Luís Russo, Gonzalo Navarro, Arlindo Oliveira, and Pedro Morales.
A compressed full-text self-index for a text T is a data
structure requiring reduced space and able to search for
patterns P in T. It can also reproduce any
substring of T, thus actually replacing T. Despite the recent
explosion of interest on compressed indexes, there has not
been much progress on functionalities beyond the basic exact
search. In this paper we focus on indexed approximate string
matching (ASM), which is of great interest, say, in bioinformatics.

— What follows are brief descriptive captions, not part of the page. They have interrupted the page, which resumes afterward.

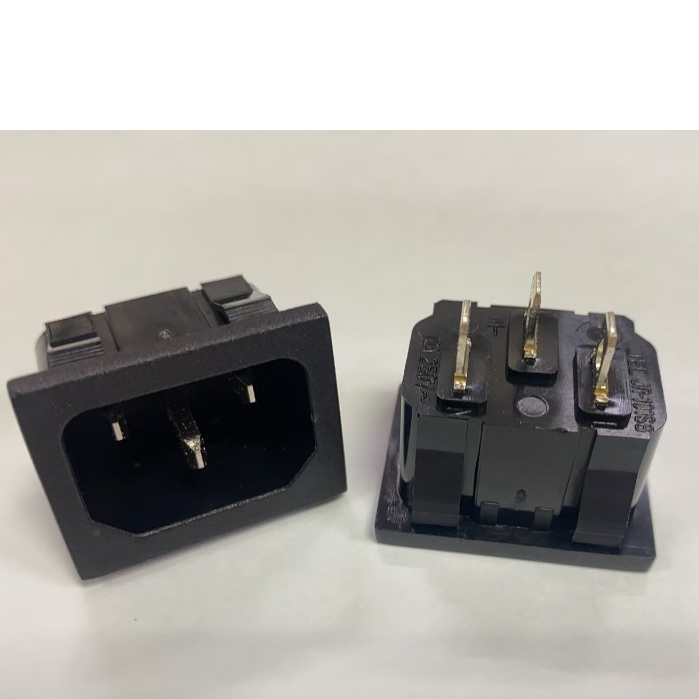 台灣現貨 JEC 推入式AC插座 接地電源插座 10A 250V 3P 公座 型號JR-101S-G | 蝦皮購物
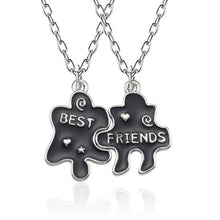 Load image into Gallery viewer, Best Friend Necklace Women Crystal Heart Tai Chi Crown Best Friends Forever Necklaces Pendants Friendship BFF Jewelry Collier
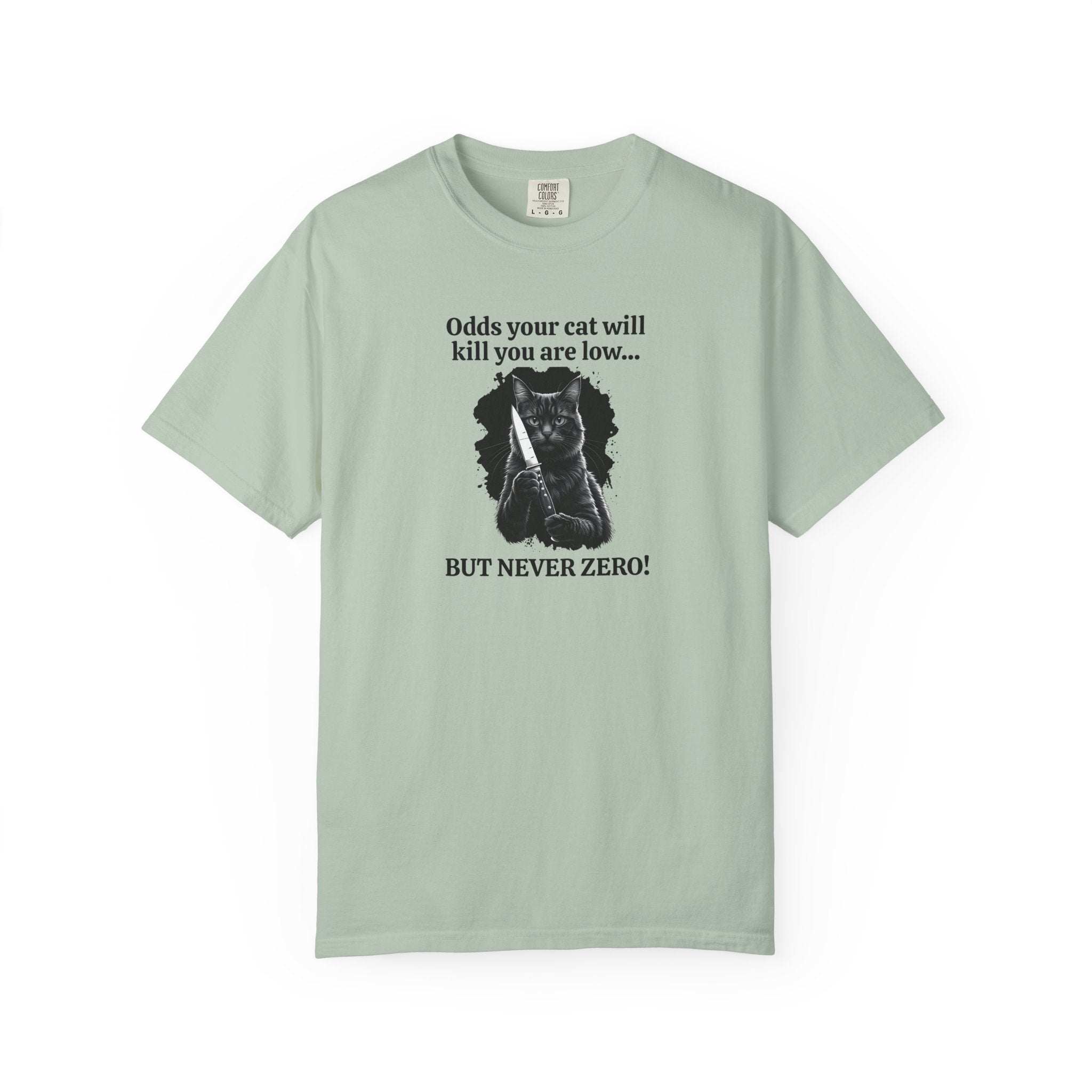 Funny Killer Cat Graphic Tee - Clothing, T-shirts - EpiAl's Shop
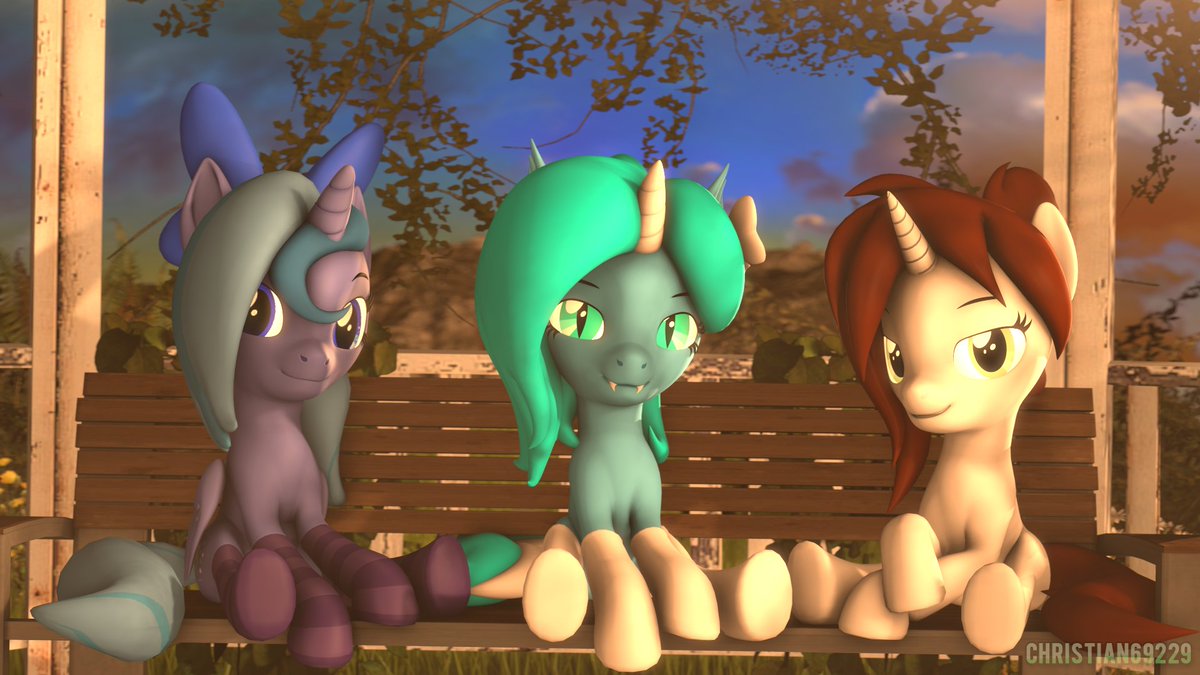 Portrait and scene commission for Cherry 🌸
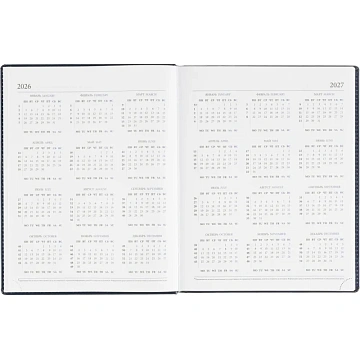Ежедневник датированный 2026, синий,А4, 210х265 мм,336 стр, АТТАСНЕ Agenda
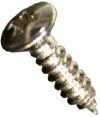 Pickguard screws (12 pieces / package), chrome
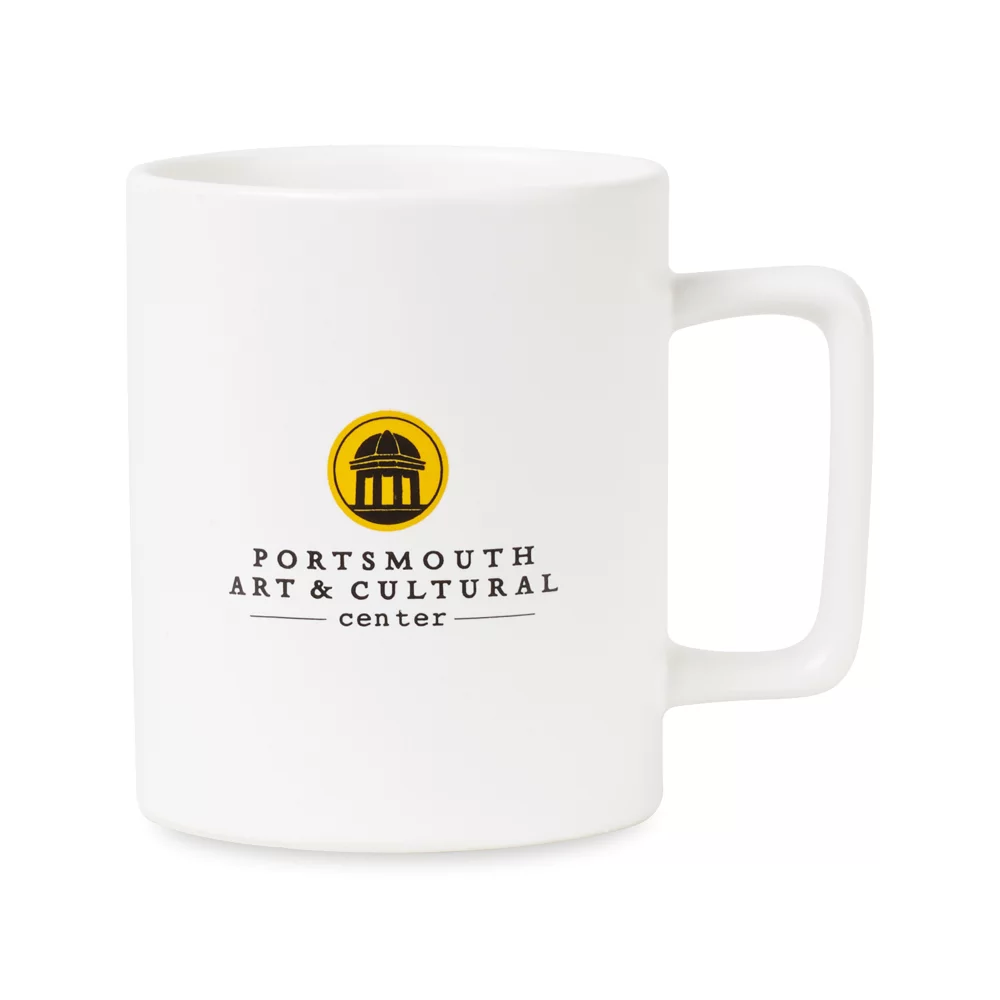 Soleil Ceramic Mug - 12 oz. - Matte White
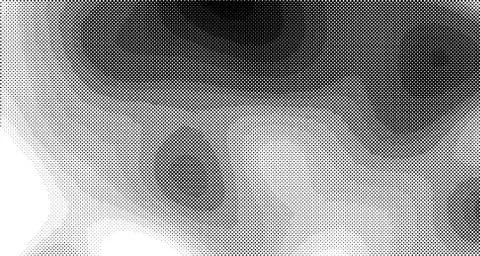 Halftone wave background. Curved gradient texture or pattern. Vertical gradie Stock Illustration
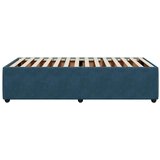  Okvir za krevet plavi 90x200 cm baršunasti | shoptok.hr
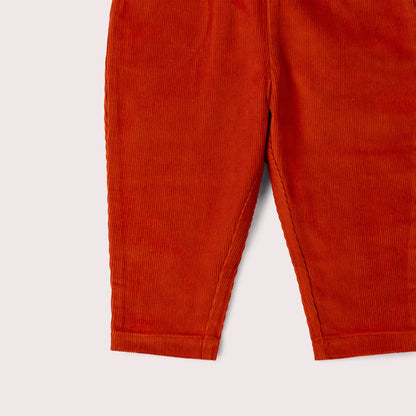 Pantaloni a coste Rossi | Little Green Radicals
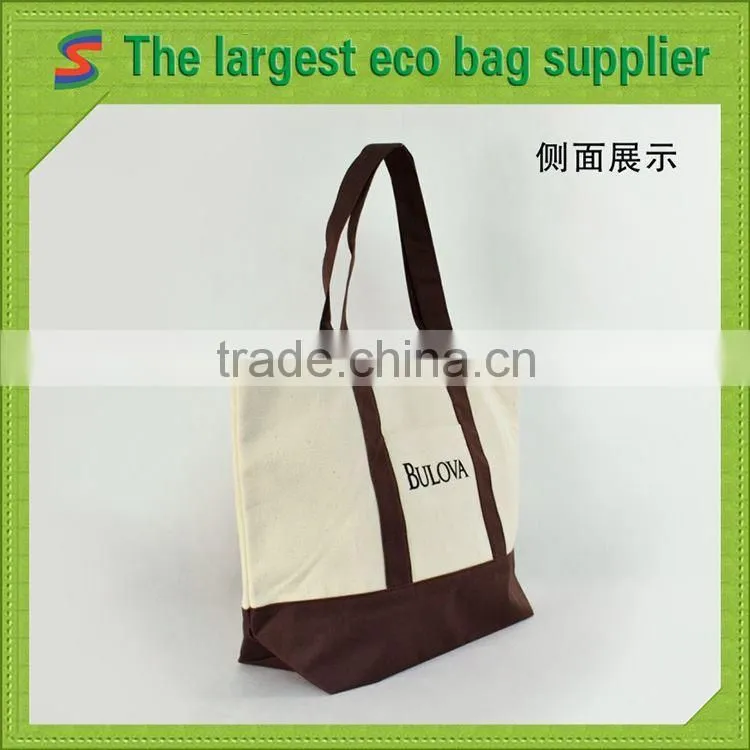 standard size canvas tote bag shopping bag cotton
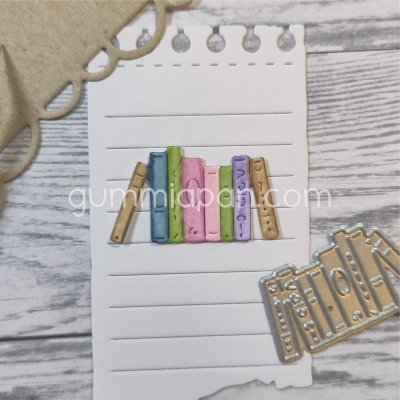 BÖCKER BOOKS die set - Stansmall från Gummiapan ca 32 x 18,5 mm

We study ASM algorithms for Lempel-Ziv compressed indexes and for compressed
suffix trees/arrays. Most compressed self-indexes belong to one
of these classes. We start by adapting the classical method of
partitioning into exact search to self-indexes, and
optimize it over a representative of either class of
self-index. Then, we show that a Lempel-Ziv index can be seen as an
extension of the classical q-samples index. We give new insights
on this type of index, which can be of independent interest, and then
apply them to a Lempel-Ziv index. Finally, we improve hierarchical
verification, a successful technique for sequential searching, so as to
extend the matches of pattern pieces to the left or right. Most compressed
suffix trees/arrays support the required bidirectionality, thus enabling the
implementation of the improved technique. In turn, the improved verification
largely reduces the accesses to the text, which are expensive in
self-indexes. We show experimentally that our algorithms are competitive
and provide useful space-time tradeoffs compared to classical indexes.